=== Assignment ===
Print a faithful copy of the data below, word for word, with the pictures left out.

*** Opening of Data extracts ***

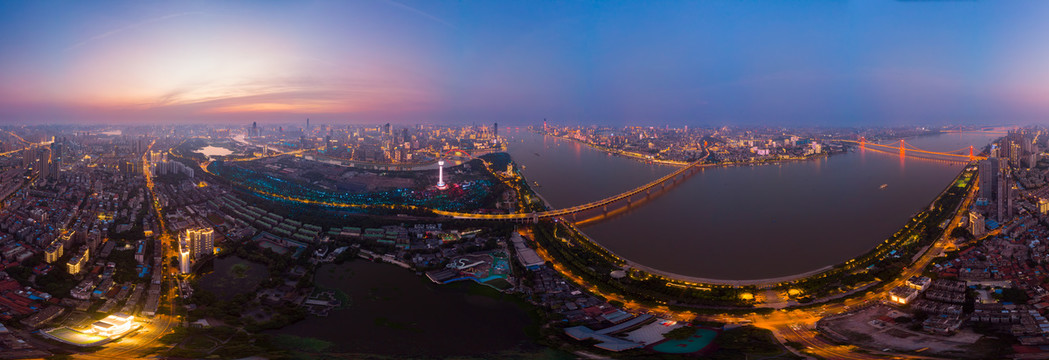 湖北武汉城市航拍傍晚和夜景风光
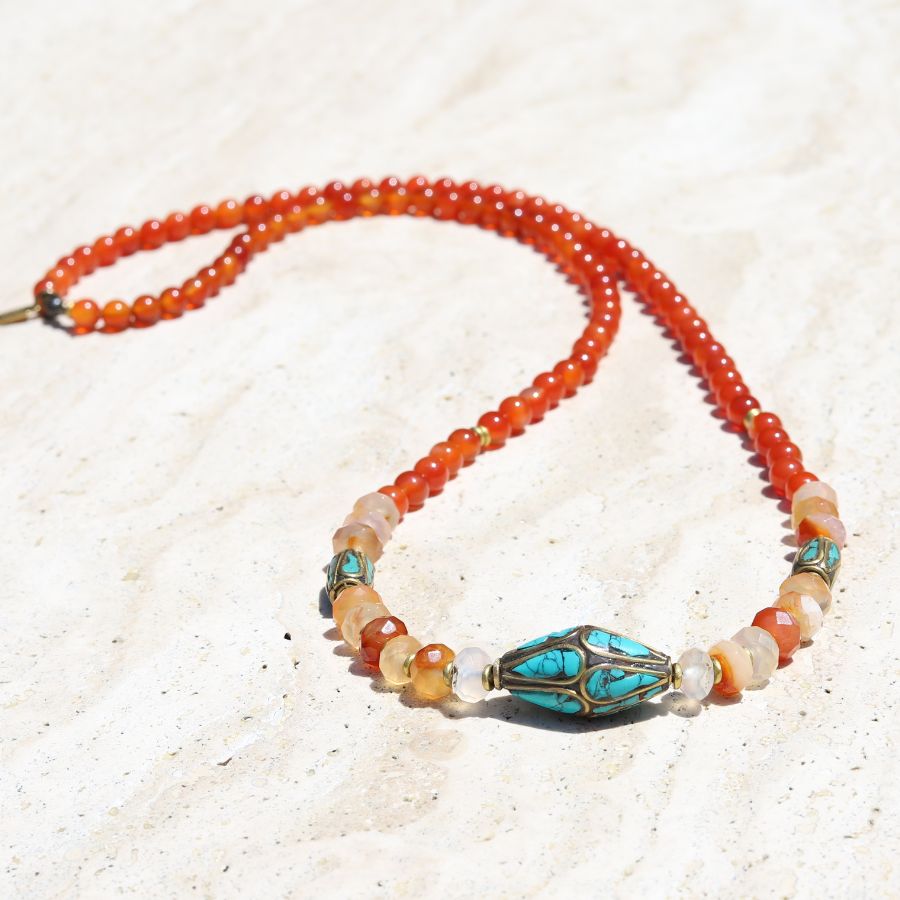 Carnelian & Turquoise Mala Necklace *Final Sale*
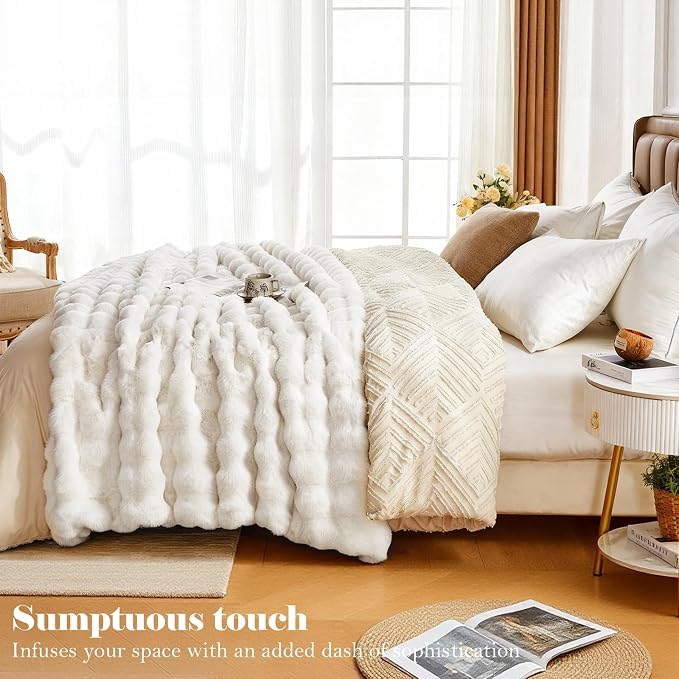 Faux Fur King Blanket for Couch, 1000 GSM Cozy Fuzzy Fluffy Soft Plush Thick Bubble Sherpa Blanket for Sofa Bedroom Living Room, Mothers Day Birthday Gifts for Women Home Decor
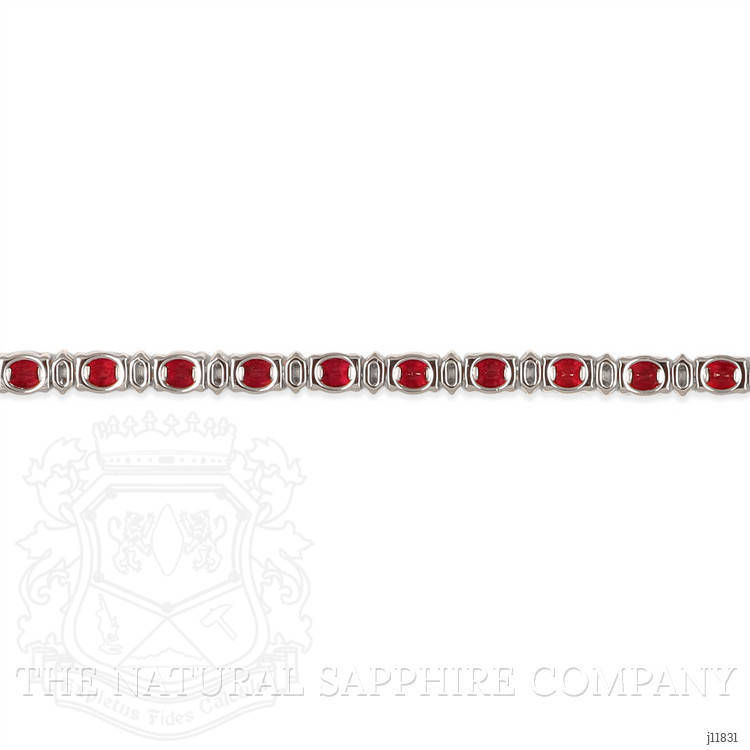 6.32 Ct.Tw. Ruby and Natural Diamond Pave Bracelet, 18K White Gold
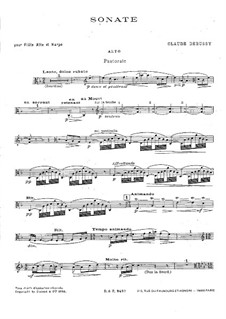 Sonate für Flöte, Bratsche und Harfe, L.137: Vollpartitur, Stimmen by Claude Debussy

*** Close of Data extracts ***

=== Exercise response ===
 湖北武汉城市航拍傍晚和夜景风光
 Carnelian & Turquoise Mala Necklace *Final Sale*
 Faux Fur King Blanket for Couch, 1000 GSM Cozy Fuzzy Fluffy Soft Plush Thick Bubble Sherpa Blanket for Sofa Bedroom Living Room, Mothers Day Birthday Gifts for Women Home Decor
 6.32 Ct.Tw. Ruby and Natural Diamond Pave Bracelet, 18K White Gold
 Sonate für Flöte, Bratsche und Harfe, L.137: Vollpartitur, Stimmen by Claude Debussy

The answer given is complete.